9. By the express injunction in section 64(v) income which accrues from the assets settled by Nagappa upon the trustees for the benefit of his minor children was liable to be included in his total income, The income to the extent to which it is liable to be included in the total income of Nagappa could not again be brought for the purpose of assessment to tax in the total income of the minor children or of the trustees to whom it is transferred. Section 161(1) predicates the existence of income liable to tax : where income from a trust is made exigible to tax in the hands of the settlor, it cannot be brought to tax in the hands of the beneficiary or the trustee, for the income is already charged to tax i9n the hands of the settlor. If the income cannot be brought to tax under sub-section (1) of section 161, there is no scope for the application of sub-section (2).

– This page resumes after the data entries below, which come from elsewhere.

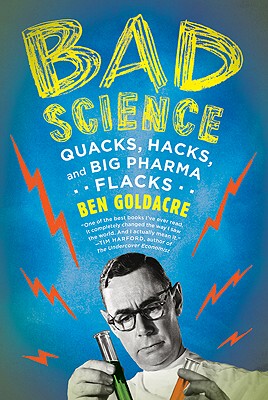 英文原版 小心！不要被“常识”骗了 Bad Science: Quacks, Hacks, and Big Pharma Flacks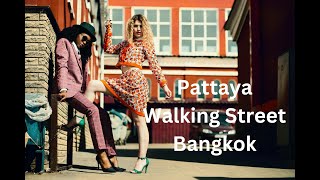 Pattaya Walking Street Bangkok Thailand [upl. by Armilla]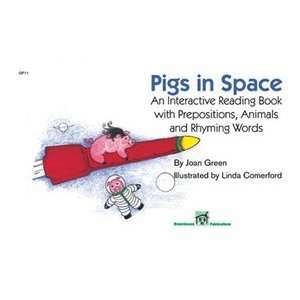  Pigs in Space. An Interactive Reading Book Joan Green 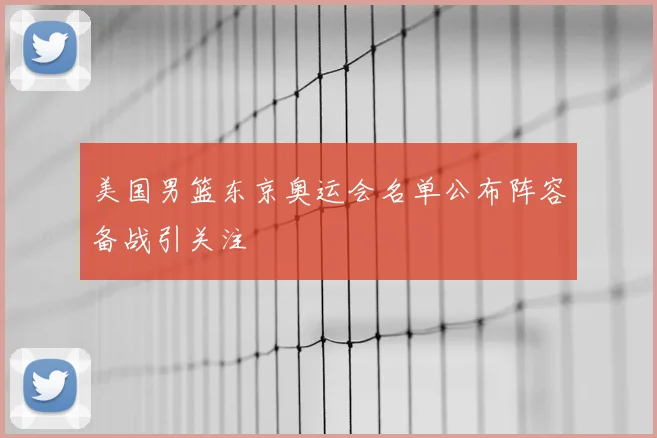 美国男篮东京奥运会名单公布阵容备战引关注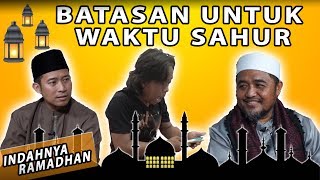 Download lagu BATASAN UNTUK MENYANTAP MAKANAN WAKTU SAHUR | FT. ABI AMIR mp3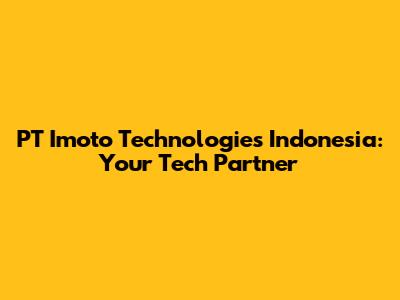 PT Imoto Technologies Indonesia: Your Tech Partner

10. Sub-section (2) of section 161 was presumable intended to remove the conflict of judicial opinion which arose in the interpretation of the analogous provisions of sections 40 and 41 of the Indian Income-tax Act of 1922. In Saifudin Alimohamed v. Commissioner of Income-tax : 25ITR237(Bom) . The Bombay High Court expressed the opinion (which was not necessary for the ultimate decision of the reference) that section 41 conferred an option upon the Income-tax Officer either to assess the income as the income of the beneficiary or as the income of the trustee. The court observed at page 247 in dealing with the case in which the trustees appointed by the civil court in a suit were carrying on the business on behalf of two minors :
'...... it was open to the department to have assessed the income of the guardians under section 10 on the basis that the particular business was carried on by the guardians in their own right, and the taxing department could have taken up the stand that they had no concern with what the guardians did with the profits after they had paid the tax on the income from the business; or it was open to the department to proceed against the guardians under section 41 and to tax in their hands only that income which they had received on behalf of the minors.'
11. It was apparently assumed that it was open to the Income-tax Officer either to assess and tax the guardians as if they were owners of the business and of the income accruing therefrom, or to tax them as trustees under section 41. In so assuming the court exalted sections 40 and 41 into quasi-charging section. The conservation was plainly obiter, for the income-tax department had assessed the income in the hands of the guardians as trustees under section 41.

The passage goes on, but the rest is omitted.